HTML Syntax Highlighting (Server-Side)

For non-CodeMirror rendering, use highlightTree:

import { highlightTree, classHighlighter, styleTags } from "@lezer/highlight";

export function highlight(script: string): string {
  const tree = parserWithMetadata.parse(script);
  const ranges: { from: number; to: number; clazz: string }[] = [];
  highlightTree(tree, classHighlighter, (from, to, classes) => {
    ranges.push({ from, to, clazz: classes });
  });
  return ranges.reduceRight((acc, range) => {
    const span = `<span class="${range.clazz}">${acc.slice(range.from, range.to)}</span>`;
    return acc.slice(0, range.from) + span + acc.slice(range.to);
  }, script);
}

Mixed/Nested Parsing

Embed one grammar inside another using parseMixed():

import { parseMixed } from "@lezer/common";
import { liftoscriptLanguage } from "../../liftoscriptLanguage";

const parserWithMetadata = plannerExerciseParser.configure({
  props: [styleTags(plannerExerciseStyles)],
  wrap: parseMixed((node) => {
    return node.name === "Liftoscript" ? { parser: liftoscriptLanguage.parser } : null;
  }),
});

The embedded region must be captured as a single token in the outer grammar:

Liftoscript { "{~" ![~]* "~}" }

This allows {~ if (cr >= 5) { state.weight += 5lb } ~} blocks in the planner grammar to be parsed and highlighted with the Liftoscript grammar.

Part 6: Liftosaur-Specific Conventions

Common Token Patterns

Pattern	Token	Example
Set notation	`SetPart { Rep "x" (RepRange \| Rep) }`	`3x5`, `3x5-8`
Weight	`Weight { ("+" \| "-")? (Float \| Int) ("lb" \| "kg") "+"? }` (token)	`100kg`, `+5lb`
Ask weight	`AskWeight { "?+" }` (token)	`?+`
Percentage	`Percentage { ("+" \| "-")? (Float \| Int) "%" }` (token)	`80%`, `-5%`
RPE	`Rpe { "@" PosNumber }` (rule, `"@"` is inline token)	`@8`, `@9.5`
Duration/Timer	`Duration { @digit+ "s" }` (token)	`90s`
Section separator	`SectionSeparator { "/" }` (token)	`/`
Exercise name	`ExerciseName { NonSeparator+ }` (rule)	`Bench Press`
Comments	`LineComment { "//" ![\n]* linebreakOrEof }` (token)	`// rest day`
Unilateral reps	`UnilateralReps { Rep "\|" Rep }`	`5\|5`

Line-Oriented Format Pattern

For formats where newlines are significant:

@skip { space }  // space = $[ \t]+, NOT @whitespace (no newlines)

@tokens {
  space { $[ \t]+ }
  linebreakOrEof { linebreak | @eof }
  linebreak { "\n" | "\r" | "\r\n" }
}

Always define linebreakOrEof to handle the last line without a trailing newline.

NonSeparator Pattern

For exercise names and free-form text, exclude all structural characters:

NonSeparator { ![/{}() \t\n\r]+ }

Add characters as needed (e.g., @, |, ", : for liftohistory).
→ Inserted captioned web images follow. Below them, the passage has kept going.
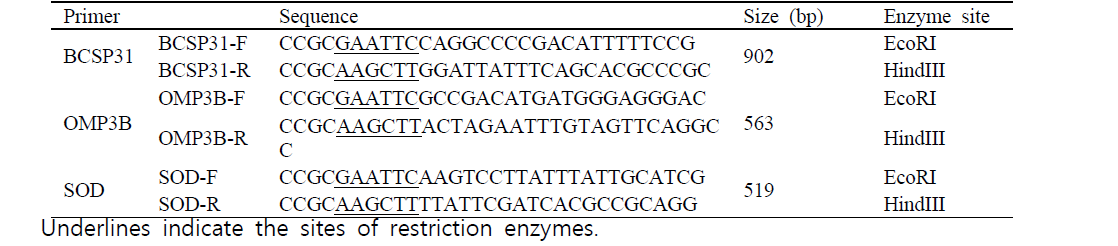 PCR primers used in this study and their product sizes.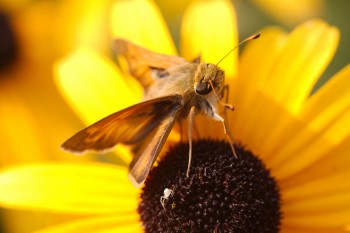 Skipper on Black-eyed Susan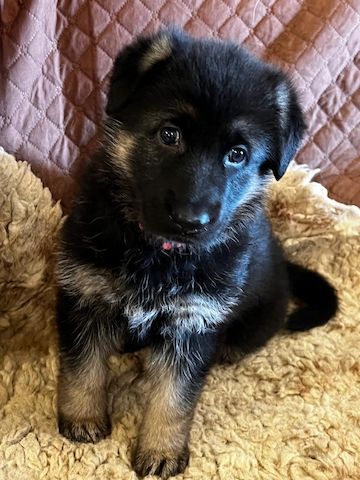 Deutsche Reinrassige Schäferhund Welpen mit geradem Rücken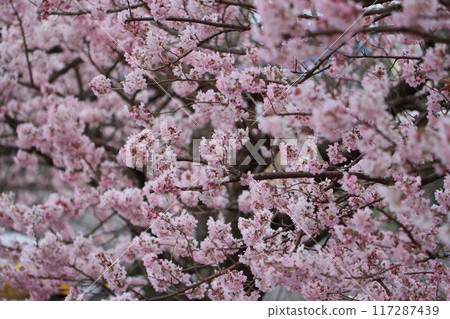 <Minamiashigara City, Kanagawa Prefecture> Early-blooming cherry blossoms in full bloom <Minamiashigara City, Kanagawa Prefecture> Early-blooming cherry blossoms in full bloom 117287439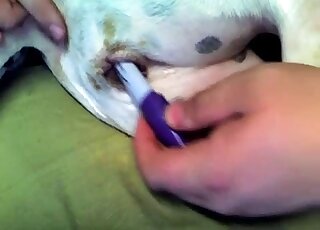 Dude cannot stop fingering that small animal pussy in a kinky video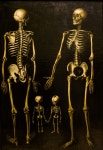 Free Images : dark, statue, box, black, death, skull, muscle, painting, war, family, art, illustration, skeleton, bones, plague... 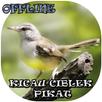 Suara Burung Ciblek Pikat APK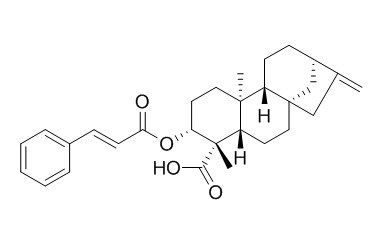 ent-3��-Cinnamoyloxykaur-16-en-19-oic acid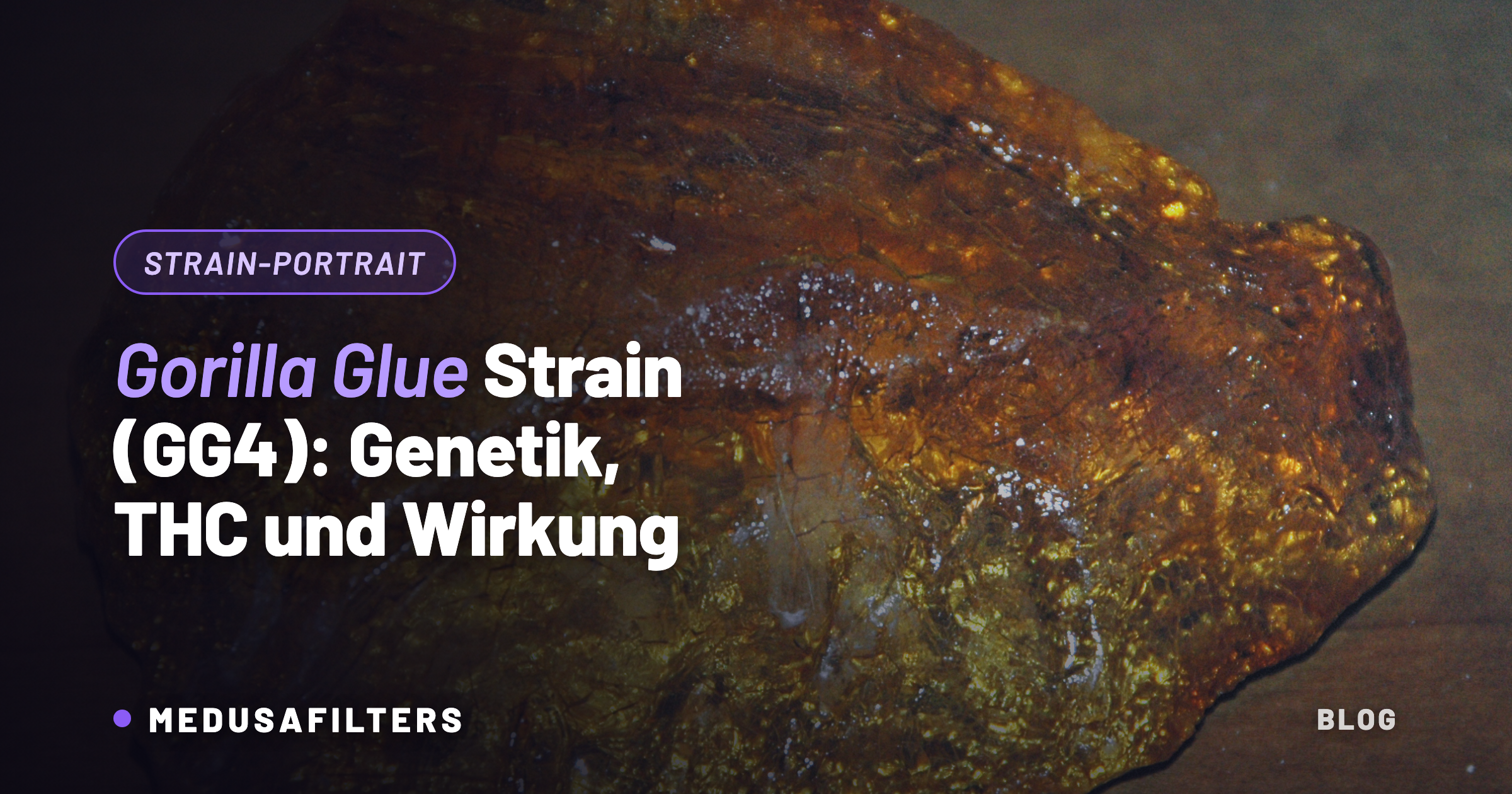 Gorilla Glue Strain GG4 — Makro eines bernsteinfarbenen, klebrigen Harzbrockens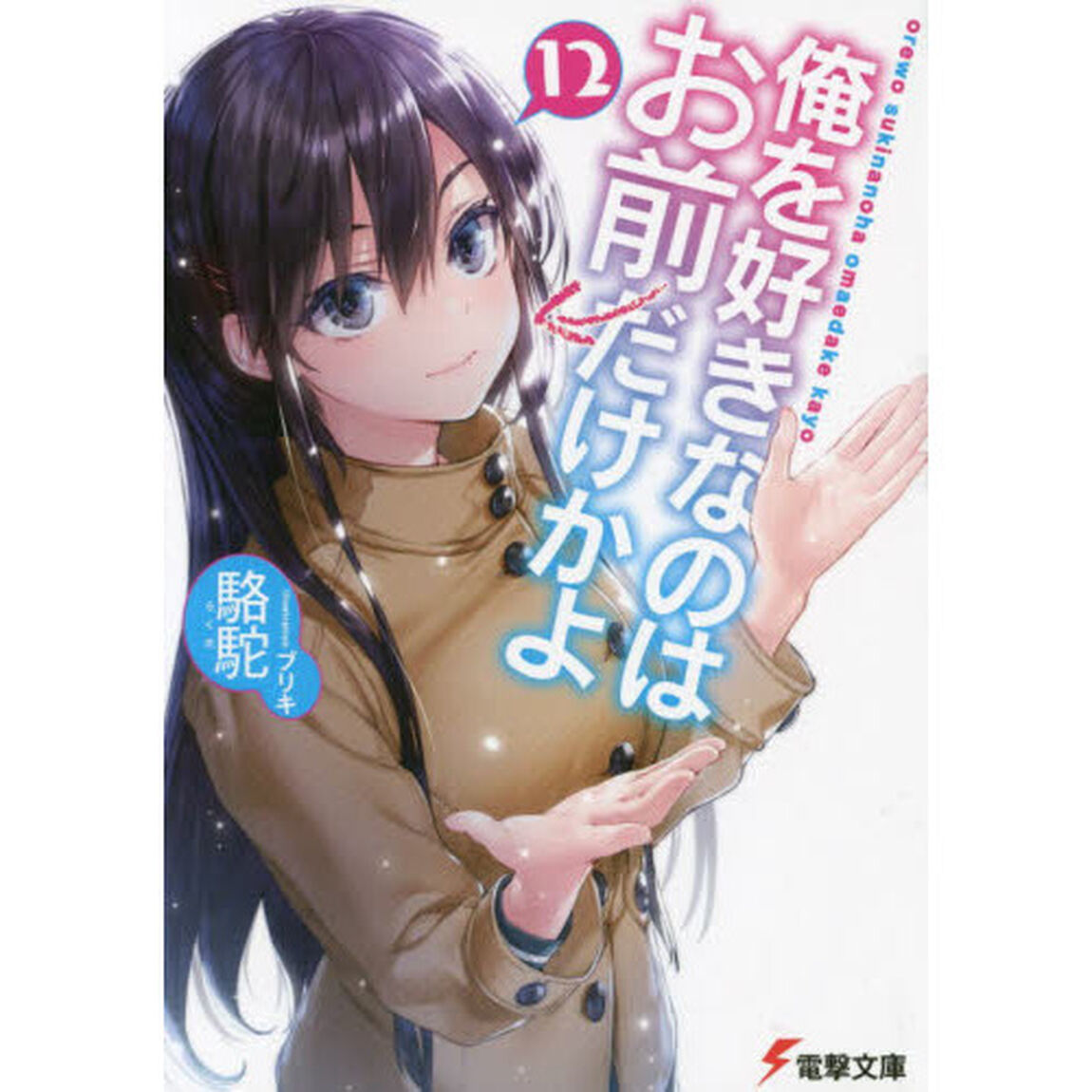 俺を好きなのはお前だけかよ　１２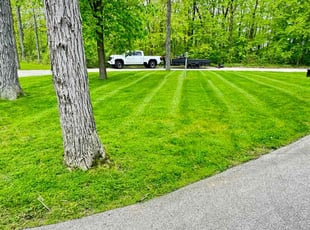 Fitzgerald B.'s lawn care service result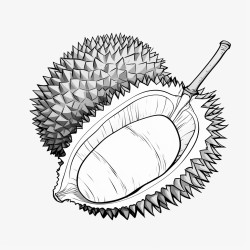 durian clipart
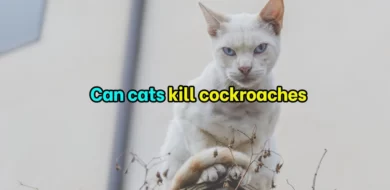 Can cats kill cockroaches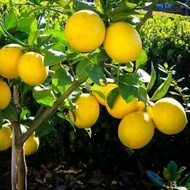 (Ready) Bibit Jeruk Lemon California / Pohon Jeruk Lemon California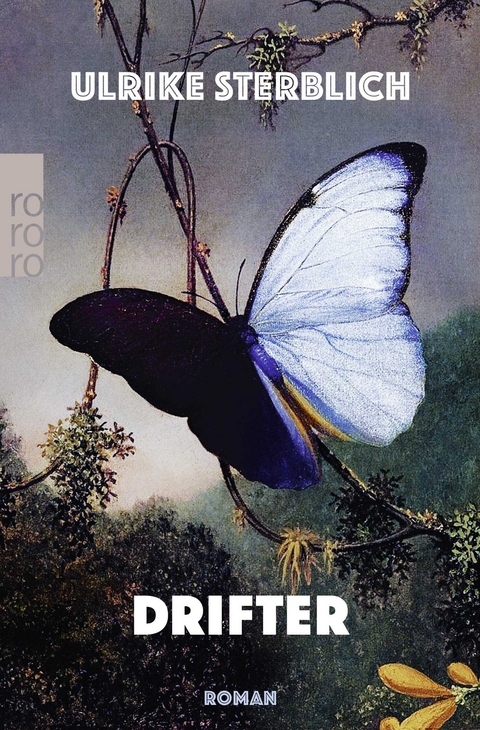 Drifter - Ulrike Sterblich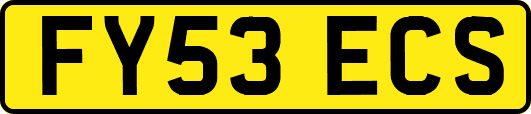 FY53ECS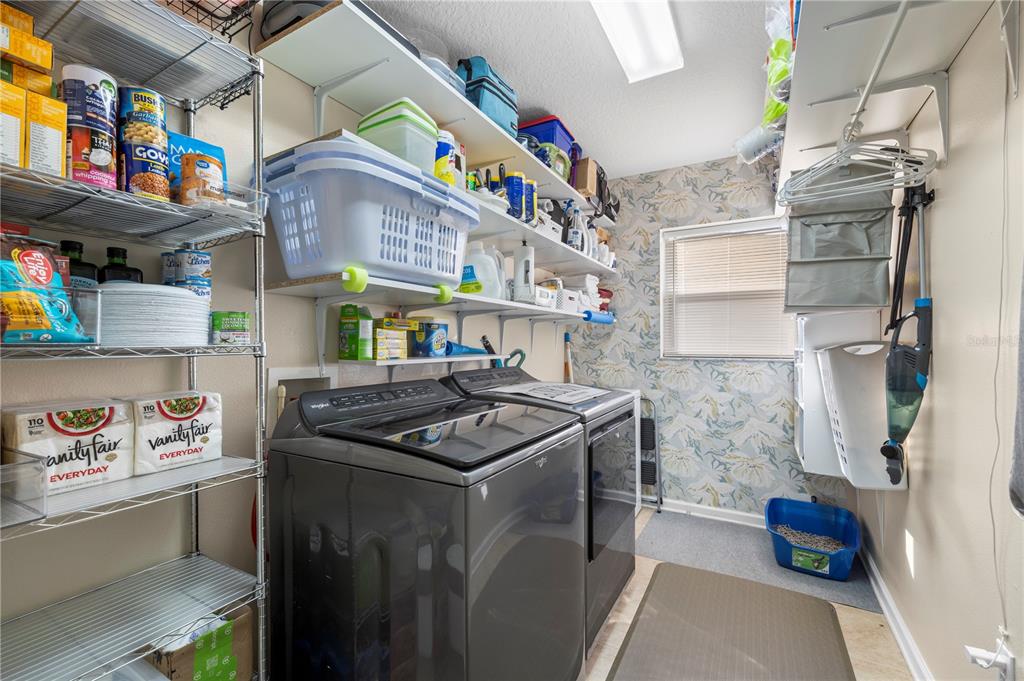 30404 Colthurst Street Wesley Chapel, FL 33545 - Photo 45 of 61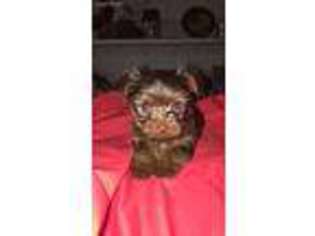Yorkshire Terrier Puppy for sale in Ware Shoals, SC, USA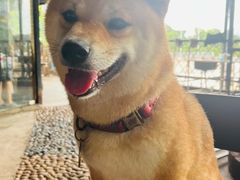 -柴犬高等学院·狗咖·柴犬售卖·宠物训练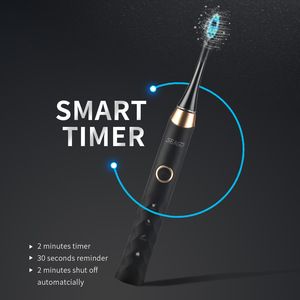 SEAGO SG987-2 New arrival Patented IPX7 Rechargeable Electric Sonic toothbrush with replacement toothbrush head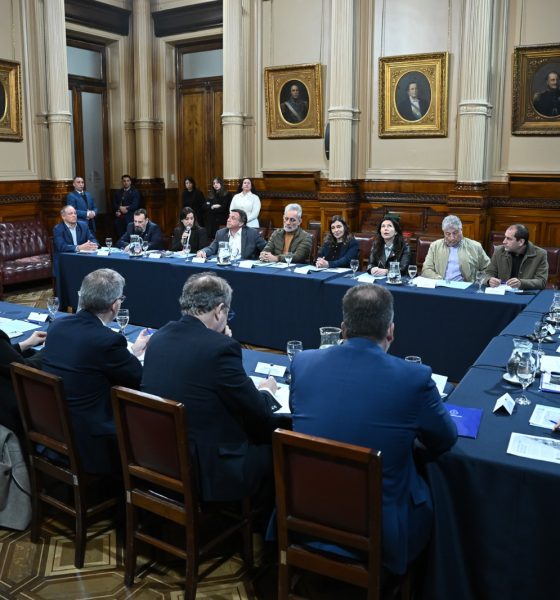 Senado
Use @precedence for inline tokens that overlap:

@precedence { "+", "-", "x", NonSeparator }

Compound Tokens

When a sequence like keyword ":" "{" could be ambiguous, fuse it into a single token:

ExercisesOpen { "exercises:" $[ \t]* "{" }

The DFA's longest-match + fallback handles it: if the compound token fails (no {), it falls back to the shorter Keyword match.

Embedded Liftoscript

Liftoscript expressions can be embedded in {~ ... ~} blocks:

Grammar:

Liftoscript { "{~" ![~]* "~}" }

Evaluator strips delimiters:

const liftoscriptText = script.slice(node.from + 2, node.to - 2);  // strip {~ and ~}

Part 7: Debugging

Grammar Won't Compile

Start minimal — get a skeleton grammar compiling first, then add rules incrementally
"Overlapping tokens X and Y" — add @precedence { X, Y } in @tokens
"Shift/reduce conflict" — the grammar is ambiguous at the rule level; restructure rules or add rule-level @precedence with !markers
Token cannot reference non-token rule — move the referenced rule into @tokens or restructure
"Too many states" — grammar is too complex; simplify or use external tokens

Testing a Parser

const tree = parser.parse("input text");
const cursor = tree.cursor();
do {
  console.log(
    "  ".repeat(cursor.node.depth ?? 0),
    cursor.node.type.name,
    `[${cursor.from}-${cursor.to}]`,
    cursor.node.type.isError ? "ERROR" : ""
  );
} while (cursor.next());

Common Mistakes

Forgetting to regenerate — after changing a .grammar file, run npm run grammar:planner or npm run grammar:liftohistory
NodeName enum out of sync — when adding new Capitalized rules, add them to the corresponding enum
@skip consuming significant whitespace — use $[ \t]+ not @whitespace+ for line-oriented formats
Duration as a rule vs token — Duration { @digit+ "s" } must be a token, not a rule like Duration { Int "s" }, to avoid ambiguity between Int as reps and Int "s" as duration
Missing linebreakOrEof — line-terminated rules must end with linebreakOrEof to handle the final line

Part 8: Full Workflow Checklist

When creating a new grammar:

Write the .grammar file following the patterns above

Add a build command to package.json:

"grammar:myformat": "lezer-generator --output ./src/path/myParser.ts ./src/path/my.grammar"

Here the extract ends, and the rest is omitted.